Data represent median ± interquartile range.
Relationship between disease status and salt sensitivity of blood pressure
Because T2DM and high blood pressure has been reported to affect salt sensitivity of blood pressure (11), we examined the relationship between T2DM disease status (T2DM-HTN and T2DM-NTN vs. HTN and NTN) and salt sensitivity of blood pressure (ΔMAP between HS and LS diet) in the HyperPATH study. As expected, multivariate analysis demonstrated that baseline MAP was a significant predictor of ΔMAP; however, having T2DM was not associated with higher change in diastolic blood pressure (Table 2).
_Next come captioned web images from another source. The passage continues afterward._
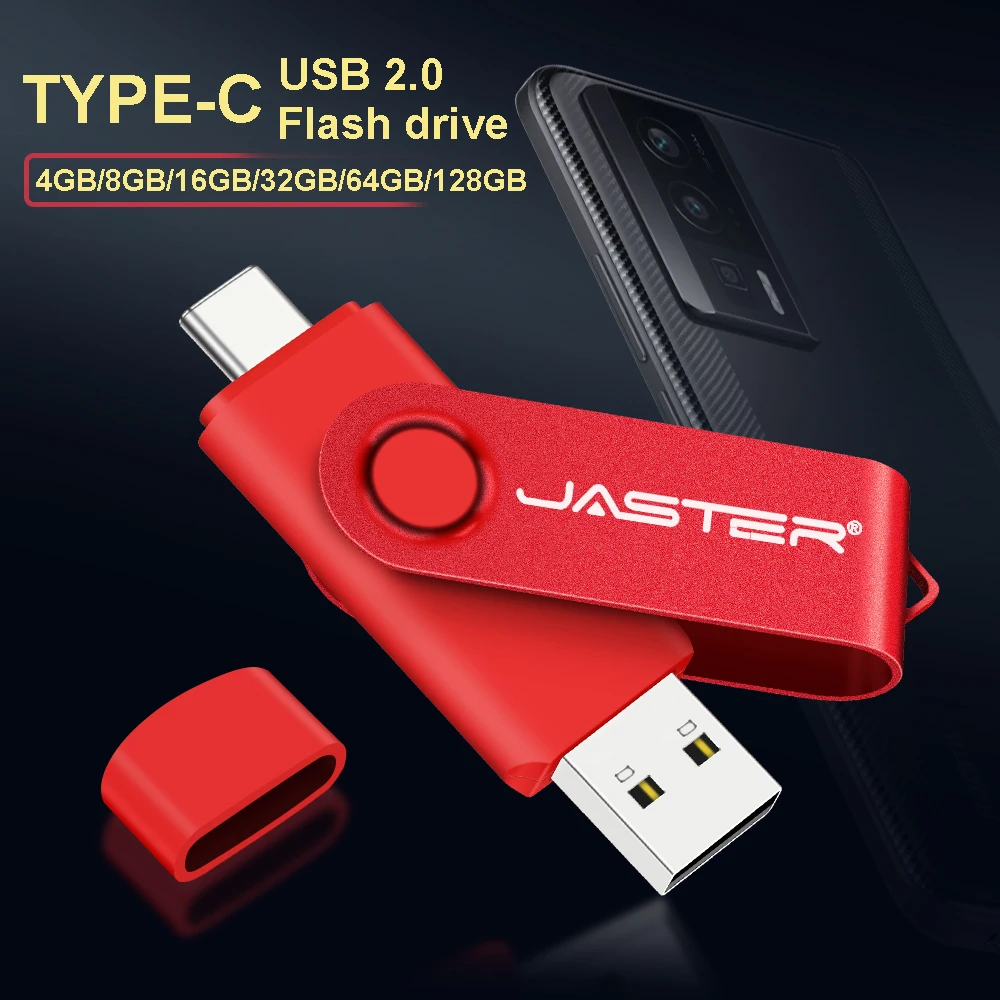 TYPE-C 2 in 1 USB 2.0 Flash Drive 128GB Rotatable Memory Stick 64GB 100% Real Capacity Pen Drive 32GB Free Key Chain U Disk 16GB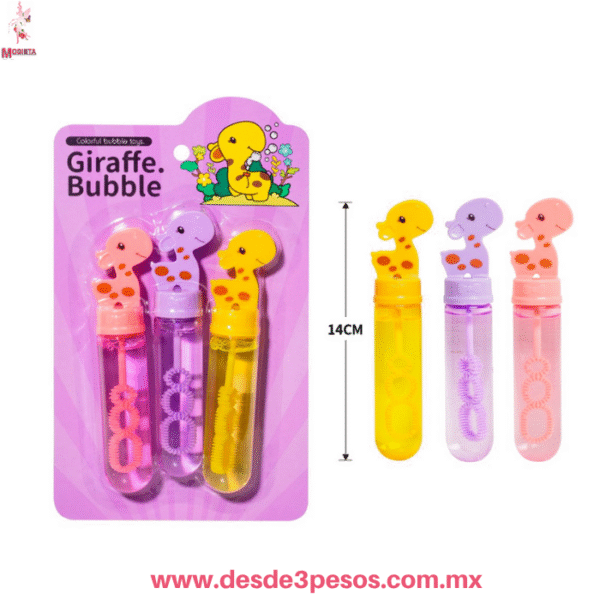 Burbujeros de Jirafa (Set de 3) - 14cm, Marca Giraffe Bubble PN-0035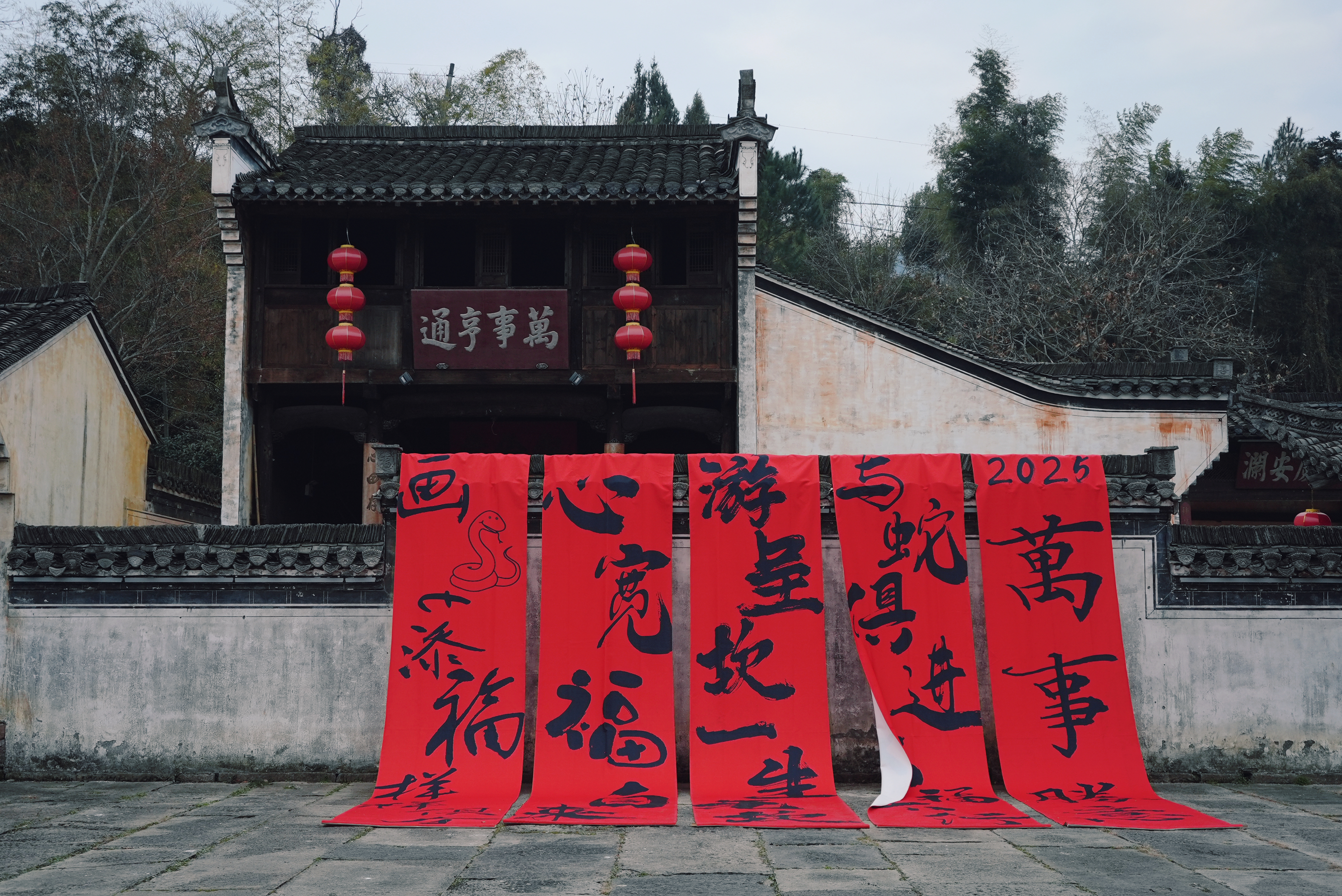 Decorative banners celebrating the coming Year of the Snake in Chengkan, December 30, 2024. /CGTN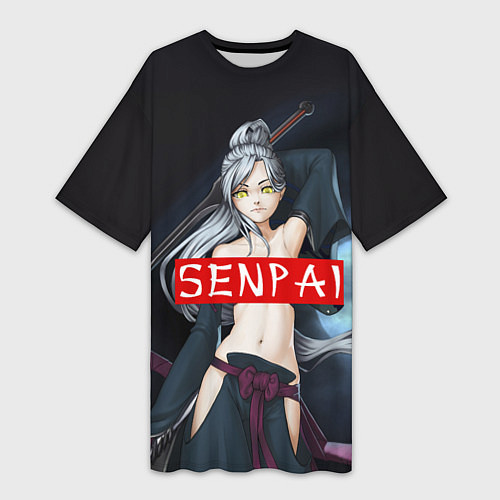 Женская длинная футболка Senpai Goddess / 3D-принт – фото 1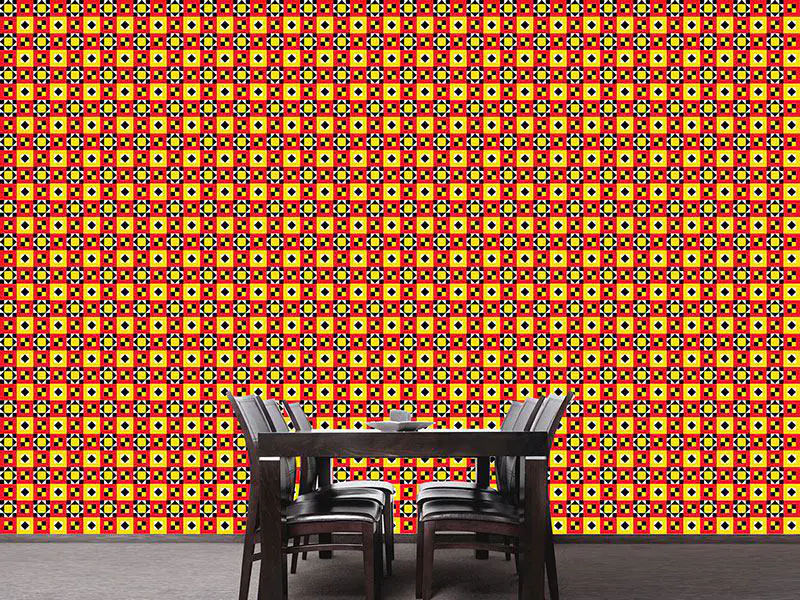 Wall Mural Pattern Wallpaper Bright Ethno Quilt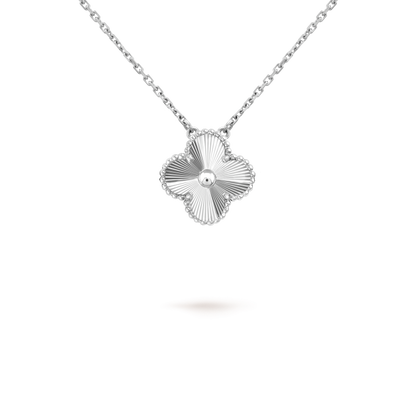 [Lucky Star]CLOVER 15MM LASER NECKLACE SILVER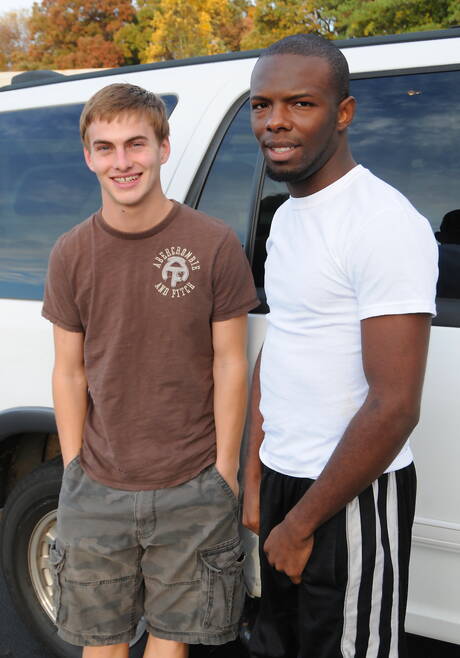 Blacks on Boys: Beautiful boy Brett Styles and black beautiful boy Intrigue in hot interracial ass bang outdoor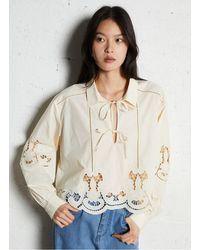 Louise Misha - Blouse Col Chemise En Coton Femme - Lyst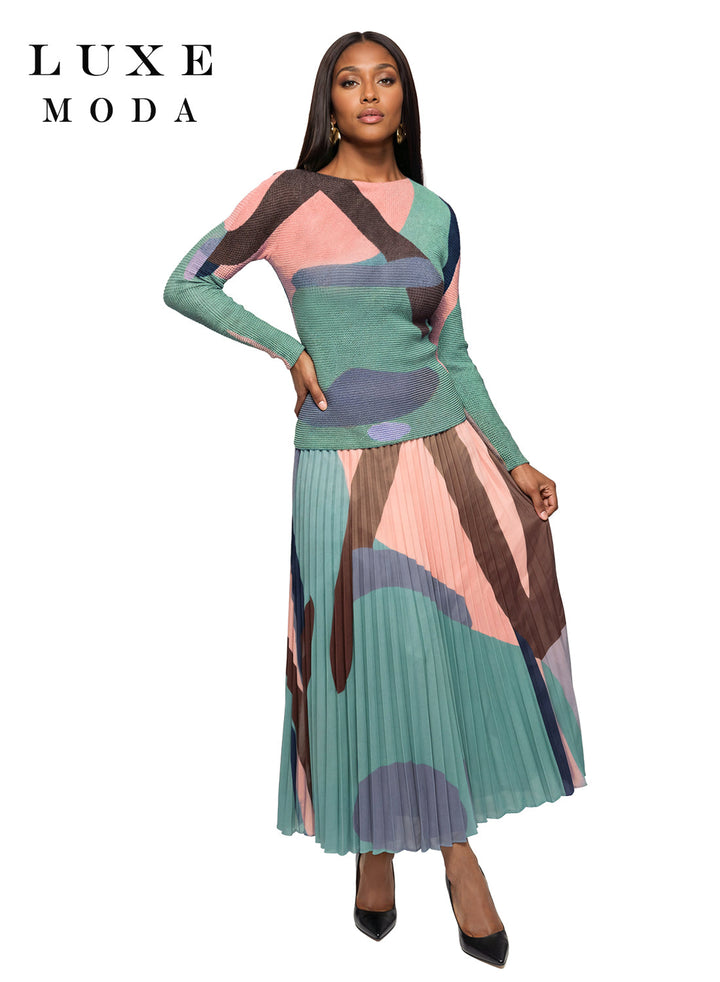 Luxe Moda.  Style LM-535 - 2pc. Top & Skirt Set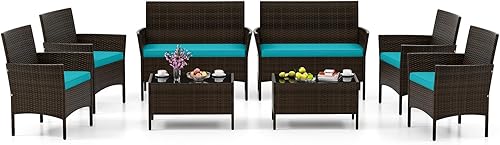 Miniatura 22 de HAPPYGRILL Juego de 4 muebles de mimbre para exteriores, juego de muebles de mimbre para patio con sillas de dos plazas y mesa de café de vidrio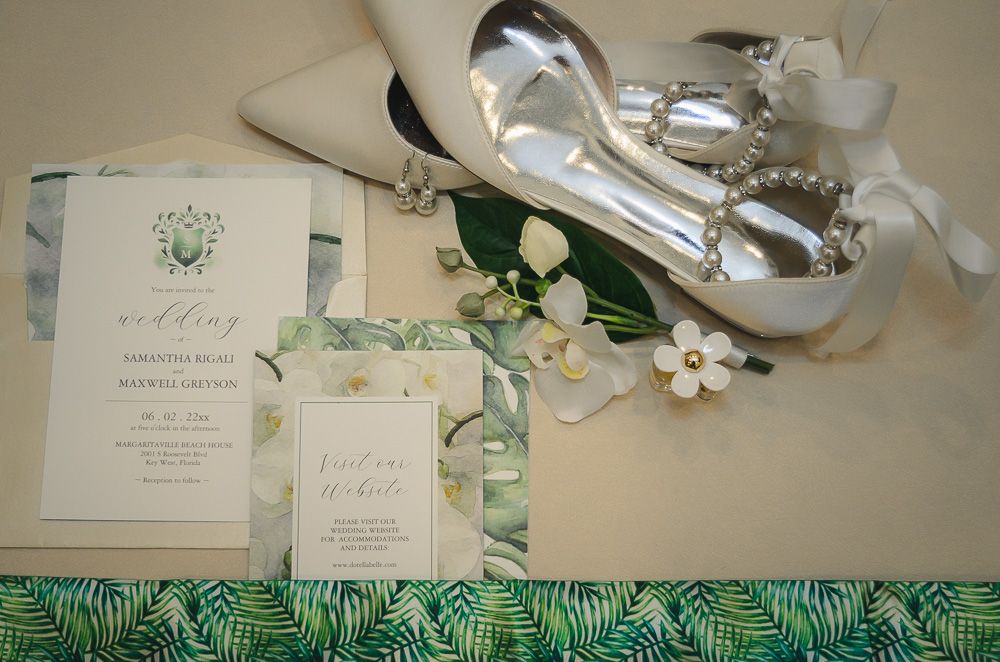 Flat Lay of invitation set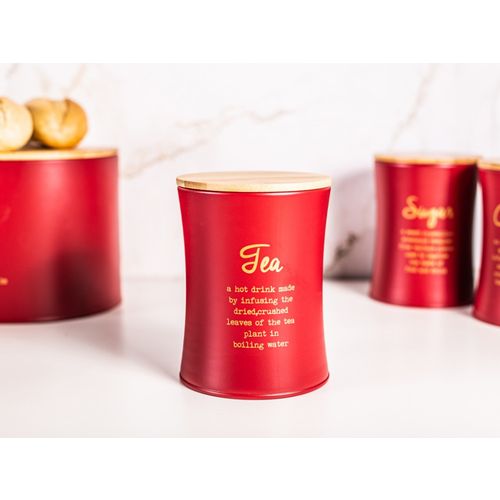 Altom Design stožasta posuda za čaj s bambusovim poklopcem crvena, dekor TEA - 0204018414 slika 8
When analyzing the influence of each disease class on ΔMAP, only HTN classes (T2DM-HTN and HTN) significantly associated with ΔMAP (P < 0.0001), suggesting that individuals with both T2DM and HTN tended to have salt sensitivity of blood pressure compared with individuals with T2DM and no HTN (Fig. 1).
Table 2.
Relationship Between T2DM disease status and change in MAP with salt loading in the HyperPATH study
| Variables | T2DM status and Δ MAP with sodium loading |
||
|---|---|---|---|
| Effect estimates (B) | 95% CI | P value | |
| Disease status | |||
| T2DM status (yes) | 0.77 | −1.3–2.83 | 0.5 |
| MAP | 0.33 | 0.29–0.37 | <0.0001 |
| Age | 0.06 | −0.001–0.13 | 0.05 |
| Gender (male) | −1.8 | −3.08–−0.52 | 0.006 |
| BMI | −0.27 | −0.43–−0.12 | 0.0007 |
| Race | |||
| Caucasian | −0.77 | −4.1–2.6 | 0.7 |
| African-American | −0.55 | −4.2–3.1 | 0.8 |
| Other | |||
A multivariate regression model examining the relationship between Δ MAP (LS to HS diet) and T2DM disease status (T2DM-HTN and T2DM-NTN vs. HTN and NTN without T2DM), including the covariates of baseline MAP (HS), age, gender, BMI, and race. CI, Confidence interval.
Fig. 1.
Relationship between disease status and ΔMAP with salt loading in the HyperPATH cohort. The graph portrays the ΔMAP (change in MAP between LS and HS diet) least-square means value by HTN and T2DM. Covariates in the model include age, gender, BMI, and race.
The relationship between intermediate phenotypes of HTN and salt-sensitive blood pressure
We examined the relationship between previously identified intermediate phenotypes of HTN: 1) LR status, 2) NMOD status, and 3) normal RAAS response (modulators) and ΔMAP in all individuals with HTN. Both LR and NMOD status had significantly higher ΔMAP (LS to HS diet) compared with modulators (P < 0.0001 LR vs. modulators; P < 0.02 NMOD vs. modulators) (Fig. 2). A significant relationship between LR and ΔMAP (P = 0.01) and NMOD and ΔMAP (P = 0.05) remained after accounting for the covariates of age, BMI, and race. As a group, individuals classified as modulators were not salt sensitive and did not demonstrate a greater than 10 mm Hg change in MAP with change in sodium diet (Fig. 2). These findings demonstrate that the LR and NMOD phenotypes were associated with greater salt sensitivity of blood pressure among all individuals with HTN.
Fig. 2.
The relationship between LR, NMOD, and modulator status and ΔMAP with salt loading in individuals with hypertension. Both LR and NMOD status had significantly higher ΔMAP (LS to HS diet) compared with modulators. A significant relationship between LR and NMOD and ΔMAP remained after accounting for the covariates of age, BMI, and race (P = 0.01 LR; P = 0.04 NMOD).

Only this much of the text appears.